9.3 KiB
9.3 KiB
RWKV State Management
Understanding RWKV State
Unlike Transformers with KV cache, RWKV maintains a fixed-size recurrent state that summarizes all previous context.
State Components
state = {
'att_aa': torch.zeros(n_layers, d_model), # Attention numerator accumulator
'att_ab': torch.zeros(n_layers, d_model), # Attention denominator accumulator
'att_x_prev': torch.zeros(n_layers, d_model), # Previous x for time-mixing
'ffn_x_prev': torch.zeros(n_layers, d_model) # Previous x for channel-mixing
}
Total state size: 4 × n_layers × d_model parameters
| Model | Layers | d_model | State Size |
|---|---|---|---|
| RWKV-169M | 12 | 768 | 37 KB |
| RWKV-430M | 24 | 1024 | 98 KB |
| RWKV-1.5B | 24 | 2048 | 196 KB |
| RWKV-3B | 32 | 2560 | 327 KB |
| RWKV-7B | 32 | 4096 | 524 KB |
| RWKV-14B | 40 | 5120 | 819 KB |
Constant memory regardless of context length!
State Initialization
Zero State (Default)
from rwkv.model import RWKV
model = RWKV(model='/path/to/RWKV-4-Pile-1B5', strategy='cuda fp16')

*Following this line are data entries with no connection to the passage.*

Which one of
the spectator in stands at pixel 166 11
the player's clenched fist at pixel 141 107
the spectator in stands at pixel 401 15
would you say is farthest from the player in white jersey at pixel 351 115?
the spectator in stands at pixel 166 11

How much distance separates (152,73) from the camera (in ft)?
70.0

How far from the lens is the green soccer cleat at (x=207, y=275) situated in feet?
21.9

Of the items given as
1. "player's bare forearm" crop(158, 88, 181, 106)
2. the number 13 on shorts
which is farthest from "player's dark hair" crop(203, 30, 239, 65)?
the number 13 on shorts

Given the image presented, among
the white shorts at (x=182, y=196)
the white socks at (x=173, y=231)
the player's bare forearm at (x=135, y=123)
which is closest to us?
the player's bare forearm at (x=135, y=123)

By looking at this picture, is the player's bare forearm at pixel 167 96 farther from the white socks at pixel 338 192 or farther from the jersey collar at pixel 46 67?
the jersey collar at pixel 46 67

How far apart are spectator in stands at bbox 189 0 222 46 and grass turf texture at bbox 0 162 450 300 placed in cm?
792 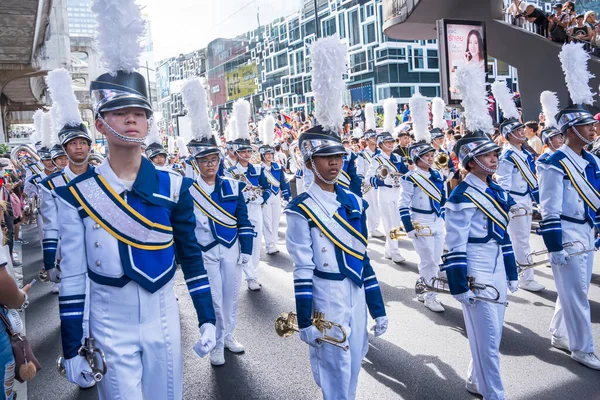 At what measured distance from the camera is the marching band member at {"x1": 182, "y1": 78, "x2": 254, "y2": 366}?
5.70 meters

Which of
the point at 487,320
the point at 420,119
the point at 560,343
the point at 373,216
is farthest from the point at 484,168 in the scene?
the point at 373,216

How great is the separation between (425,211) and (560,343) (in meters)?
2.61

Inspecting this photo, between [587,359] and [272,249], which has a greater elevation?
[272,249]

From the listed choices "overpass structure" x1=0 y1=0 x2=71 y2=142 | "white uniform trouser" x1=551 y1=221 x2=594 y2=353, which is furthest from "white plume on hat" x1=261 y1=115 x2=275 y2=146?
"white uniform trouser" x1=551 y1=221 x2=594 y2=353

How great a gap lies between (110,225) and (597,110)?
587 inches

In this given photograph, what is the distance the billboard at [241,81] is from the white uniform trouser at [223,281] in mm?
75498

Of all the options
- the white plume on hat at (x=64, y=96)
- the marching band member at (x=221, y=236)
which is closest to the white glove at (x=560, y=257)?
the marching band member at (x=221, y=236)

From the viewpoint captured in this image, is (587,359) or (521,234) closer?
(587,359)

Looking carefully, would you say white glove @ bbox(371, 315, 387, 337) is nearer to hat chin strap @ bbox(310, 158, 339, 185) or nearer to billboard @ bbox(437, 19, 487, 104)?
hat chin strap @ bbox(310, 158, 339, 185)

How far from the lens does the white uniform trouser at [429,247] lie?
7.32 meters

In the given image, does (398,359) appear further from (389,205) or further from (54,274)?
(389,205)

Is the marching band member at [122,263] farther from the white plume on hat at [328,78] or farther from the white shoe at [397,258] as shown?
the white shoe at [397,258]

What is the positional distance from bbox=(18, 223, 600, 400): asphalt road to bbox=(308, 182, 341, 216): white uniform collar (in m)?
1.93

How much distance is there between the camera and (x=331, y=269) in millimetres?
3668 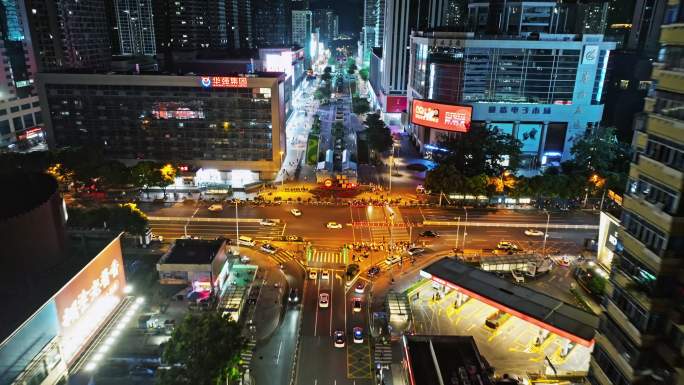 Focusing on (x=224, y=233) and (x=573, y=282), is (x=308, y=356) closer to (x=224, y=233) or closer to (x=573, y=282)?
(x=224, y=233)

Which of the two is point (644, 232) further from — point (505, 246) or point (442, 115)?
point (442, 115)

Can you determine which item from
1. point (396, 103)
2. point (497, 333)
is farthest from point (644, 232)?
point (396, 103)

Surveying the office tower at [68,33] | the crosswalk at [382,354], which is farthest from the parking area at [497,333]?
the office tower at [68,33]

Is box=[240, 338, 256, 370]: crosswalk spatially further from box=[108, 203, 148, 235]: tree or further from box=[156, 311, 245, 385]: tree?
box=[108, 203, 148, 235]: tree

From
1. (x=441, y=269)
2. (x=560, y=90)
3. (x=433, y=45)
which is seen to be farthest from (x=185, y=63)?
(x=441, y=269)

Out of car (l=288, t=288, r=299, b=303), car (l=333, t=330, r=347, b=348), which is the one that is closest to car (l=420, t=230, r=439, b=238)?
car (l=288, t=288, r=299, b=303)

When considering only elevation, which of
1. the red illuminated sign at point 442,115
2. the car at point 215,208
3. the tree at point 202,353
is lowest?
the car at point 215,208

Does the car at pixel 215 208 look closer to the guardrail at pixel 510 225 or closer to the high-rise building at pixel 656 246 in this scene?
the guardrail at pixel 510 225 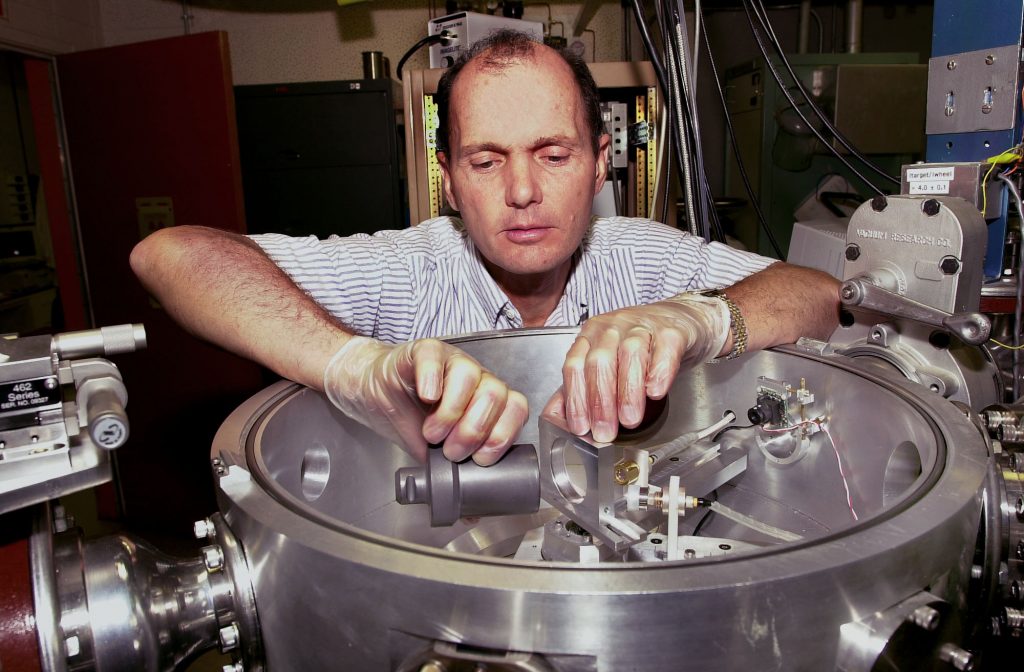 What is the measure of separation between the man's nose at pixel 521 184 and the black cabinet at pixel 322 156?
1190 mm

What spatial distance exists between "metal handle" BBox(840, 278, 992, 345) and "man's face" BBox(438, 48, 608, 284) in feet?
1.50

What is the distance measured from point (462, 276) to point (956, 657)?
992mm

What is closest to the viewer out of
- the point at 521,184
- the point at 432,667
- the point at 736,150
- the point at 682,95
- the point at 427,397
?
the point at 432,667

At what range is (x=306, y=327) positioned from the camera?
2.82 ft

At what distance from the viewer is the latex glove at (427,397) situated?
1.88ft

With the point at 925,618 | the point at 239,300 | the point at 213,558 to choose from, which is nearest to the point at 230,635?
the point at 213,558

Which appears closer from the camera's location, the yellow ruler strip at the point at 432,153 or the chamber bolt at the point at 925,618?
the chamber bolt at the point at 925,618

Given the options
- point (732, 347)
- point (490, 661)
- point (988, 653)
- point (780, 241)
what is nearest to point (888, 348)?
point (732, 347)

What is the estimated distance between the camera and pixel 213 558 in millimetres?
489

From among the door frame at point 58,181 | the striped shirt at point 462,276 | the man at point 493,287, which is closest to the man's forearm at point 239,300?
the man at point 493,287

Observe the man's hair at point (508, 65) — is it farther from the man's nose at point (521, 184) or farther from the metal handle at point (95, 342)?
the metal handle at point (95, 342)

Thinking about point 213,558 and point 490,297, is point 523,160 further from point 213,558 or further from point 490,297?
point 213,558

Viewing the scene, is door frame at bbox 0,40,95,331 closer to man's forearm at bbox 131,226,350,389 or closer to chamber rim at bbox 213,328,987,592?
man's forearm at bbox 131,226,350,389

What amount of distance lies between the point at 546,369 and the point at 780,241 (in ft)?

# Start with zero state (no context)
state = None
out, state = model.forward(tokens, state)
Warm State (Preloaded Context)
# Load context once
context = "The capital of France is Paris. The capital of Germany is Berlin."

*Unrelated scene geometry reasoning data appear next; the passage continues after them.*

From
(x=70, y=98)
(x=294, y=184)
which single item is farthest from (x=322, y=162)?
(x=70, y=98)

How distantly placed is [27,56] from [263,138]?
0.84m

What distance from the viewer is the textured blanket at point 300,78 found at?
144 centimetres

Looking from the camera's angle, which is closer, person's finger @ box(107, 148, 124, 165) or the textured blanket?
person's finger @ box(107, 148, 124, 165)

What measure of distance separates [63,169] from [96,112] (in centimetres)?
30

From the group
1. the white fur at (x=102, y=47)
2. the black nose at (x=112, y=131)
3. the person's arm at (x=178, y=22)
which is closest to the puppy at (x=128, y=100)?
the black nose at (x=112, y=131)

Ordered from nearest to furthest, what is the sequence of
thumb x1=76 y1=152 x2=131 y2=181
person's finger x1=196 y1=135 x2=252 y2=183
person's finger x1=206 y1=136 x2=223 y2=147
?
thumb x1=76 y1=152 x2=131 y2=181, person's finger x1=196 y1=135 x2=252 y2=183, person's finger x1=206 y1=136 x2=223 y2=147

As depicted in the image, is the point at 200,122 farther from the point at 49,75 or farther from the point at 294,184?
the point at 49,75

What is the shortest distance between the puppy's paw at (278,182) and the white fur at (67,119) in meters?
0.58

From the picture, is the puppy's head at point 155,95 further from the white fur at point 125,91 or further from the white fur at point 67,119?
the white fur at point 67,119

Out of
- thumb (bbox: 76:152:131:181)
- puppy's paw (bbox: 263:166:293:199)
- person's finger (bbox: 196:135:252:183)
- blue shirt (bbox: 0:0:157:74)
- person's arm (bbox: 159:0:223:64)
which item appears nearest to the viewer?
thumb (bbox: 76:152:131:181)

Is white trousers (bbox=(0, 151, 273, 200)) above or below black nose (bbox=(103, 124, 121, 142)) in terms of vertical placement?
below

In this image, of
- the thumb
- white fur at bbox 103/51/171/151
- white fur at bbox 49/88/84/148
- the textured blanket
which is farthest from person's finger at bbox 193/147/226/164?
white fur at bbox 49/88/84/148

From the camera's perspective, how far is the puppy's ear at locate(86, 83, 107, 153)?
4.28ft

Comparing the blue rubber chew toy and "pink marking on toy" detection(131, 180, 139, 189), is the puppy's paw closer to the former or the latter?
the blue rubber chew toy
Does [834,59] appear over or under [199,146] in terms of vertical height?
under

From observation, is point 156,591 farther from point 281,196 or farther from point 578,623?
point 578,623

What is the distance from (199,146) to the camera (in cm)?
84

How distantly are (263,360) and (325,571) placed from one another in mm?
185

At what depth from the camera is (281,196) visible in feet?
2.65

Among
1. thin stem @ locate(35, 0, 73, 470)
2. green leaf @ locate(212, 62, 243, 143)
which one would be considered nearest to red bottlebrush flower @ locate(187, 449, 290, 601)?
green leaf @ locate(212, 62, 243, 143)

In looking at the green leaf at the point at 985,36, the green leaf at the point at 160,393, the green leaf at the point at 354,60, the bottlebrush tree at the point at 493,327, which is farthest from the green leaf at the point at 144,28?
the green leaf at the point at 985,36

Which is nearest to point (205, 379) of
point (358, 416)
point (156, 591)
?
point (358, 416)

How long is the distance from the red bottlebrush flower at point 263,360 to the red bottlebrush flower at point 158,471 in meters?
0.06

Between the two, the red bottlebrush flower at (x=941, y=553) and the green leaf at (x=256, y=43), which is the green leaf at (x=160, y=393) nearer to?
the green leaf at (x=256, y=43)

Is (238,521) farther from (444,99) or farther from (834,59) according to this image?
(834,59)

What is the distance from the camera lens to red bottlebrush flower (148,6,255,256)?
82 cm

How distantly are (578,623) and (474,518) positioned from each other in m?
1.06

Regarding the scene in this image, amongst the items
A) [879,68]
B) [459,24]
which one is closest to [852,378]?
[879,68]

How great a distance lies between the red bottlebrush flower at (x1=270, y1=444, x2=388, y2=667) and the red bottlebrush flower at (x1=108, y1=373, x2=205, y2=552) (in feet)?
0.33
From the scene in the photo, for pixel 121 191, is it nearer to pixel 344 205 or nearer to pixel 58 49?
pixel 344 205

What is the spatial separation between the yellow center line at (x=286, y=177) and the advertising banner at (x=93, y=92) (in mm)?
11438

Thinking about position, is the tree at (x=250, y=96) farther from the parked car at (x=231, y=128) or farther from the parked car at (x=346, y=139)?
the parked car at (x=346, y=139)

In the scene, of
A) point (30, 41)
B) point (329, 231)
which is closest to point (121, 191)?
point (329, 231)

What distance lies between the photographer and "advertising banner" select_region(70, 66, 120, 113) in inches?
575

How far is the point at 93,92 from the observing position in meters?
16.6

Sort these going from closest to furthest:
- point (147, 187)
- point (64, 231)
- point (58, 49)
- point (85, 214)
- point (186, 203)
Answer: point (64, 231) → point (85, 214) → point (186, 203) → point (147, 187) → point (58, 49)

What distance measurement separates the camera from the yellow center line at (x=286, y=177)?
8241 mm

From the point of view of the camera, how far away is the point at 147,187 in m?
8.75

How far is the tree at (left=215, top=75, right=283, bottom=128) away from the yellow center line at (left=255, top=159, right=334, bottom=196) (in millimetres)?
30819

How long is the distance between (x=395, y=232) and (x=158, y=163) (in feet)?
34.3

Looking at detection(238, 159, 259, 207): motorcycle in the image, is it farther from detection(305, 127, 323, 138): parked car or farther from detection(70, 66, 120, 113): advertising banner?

context_tokens = tokenizer.encode(context)
# Process context to build state
state = None
for token in context_tokens:
_, state = model.forward([token], state)
# Now use warm state for queries
query = " The capital of Italy is"
query_tokens = tokenizer.encode(query)
out, state = model.forward(query_tokens, state)
# Model "remembers" Paris and Berlin examples!
Shared State (Multi-turn Conversations)
# Conversation with persistent state
state = None
# Turn 1
user1 = "My name is Alice."
tokens1 = tokenizer.encode(user1)
_, state = model.forward(tokens1, state)
# Turn 2
user2 = "What is my name?"
tokens2 = tokenizer.encode(user2)
response, state = model.forward(tokens2, state)
# Response: "Alice" (state remembers!)
State Update Rules
Time-Mixing State Update
# Before processing token t
att_aa_t = att_aa_{t-1} # Previous numerator
att_ab_t = att_ab_{t-1} # Previous denominator
# Compute WKV
wkv_t = (exp(u) * k_t * v_t + att_aa_t) / (exp(u) * k_t + att_ab_t)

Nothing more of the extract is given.